From Brussels, we got the latest plans for a Tobin tax on financial transactions. They are even more destructive than previously thought and were rightly attacked by Barack Obama’s administration and the UK government. The big problem – apart from the fact that those who will pay the tax are investors via reduced returns, companies via a higher cost of capital and the workers who suffer as a consequence — is that they are outrageously extra-territorial, make a mockery of the single market, and are a threat to global free trade and capital flows. A transaction will be hit regardless of where it takes place, as long as it involves a financial instrument eligible to be taxed issued in one of the 11 countries stupid enough to back the tax. Jobs will be lost in London and New York; Brussels is delusional if it thinks the tax will rise tens of billions, and even more so if it thinks this money will be a free lunch.
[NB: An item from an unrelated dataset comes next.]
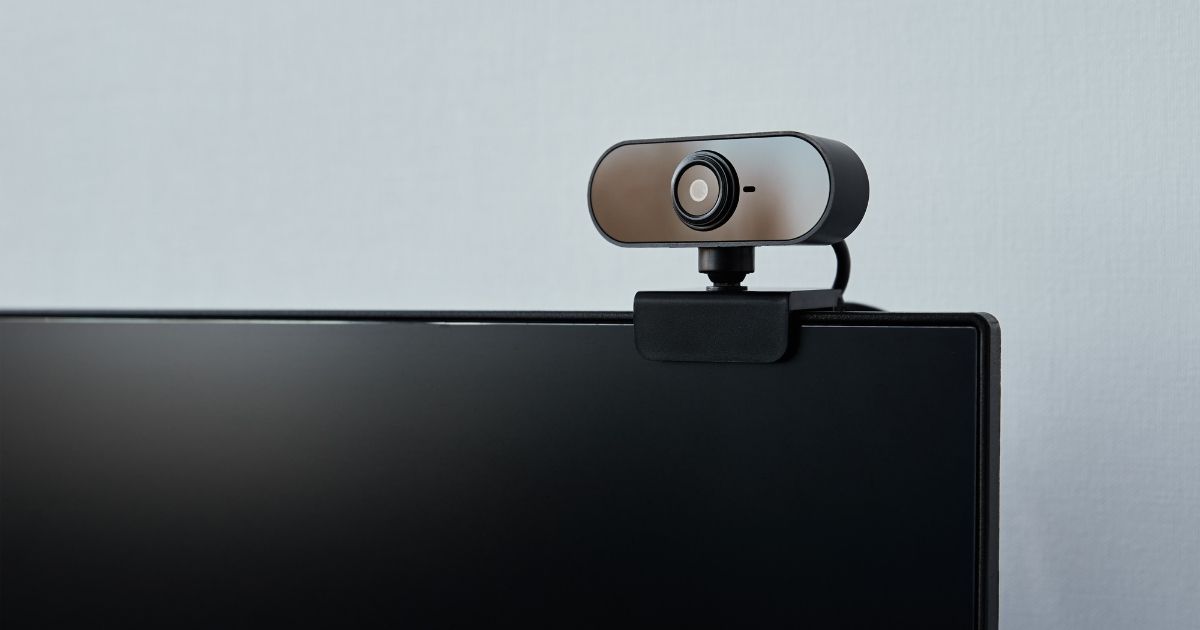 Falha no Gemini Live permitia acessar câmera e arquivos do usuário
The European Commission’s own cost-benefit analysis showed that the tax would have hugely negative side-effects.
From Ed Miliband and Ed Balls, we got a proposal for a partial reintroduction of a 10p starting rate of income tax over a very narrow range of income, to be funded by a “mansion tax”. I’m very much in favour of cutting tax on the working poor, who are being horribly squeezed by falling real wages – but the best way to do it is to increase the personal allowance, not to introduce yet another band in our overly-complex tax system. Regrettably, the Tories will presumably pre-emptively adopt it. To keep the “cost” of the measure low, and to make sure the “rich” don’t benefit, we are likely to see yet another lowering of the 40p threshold, dragging more people into the net. Those of us who believe in flatter and simpler taxes have been roundly defeated.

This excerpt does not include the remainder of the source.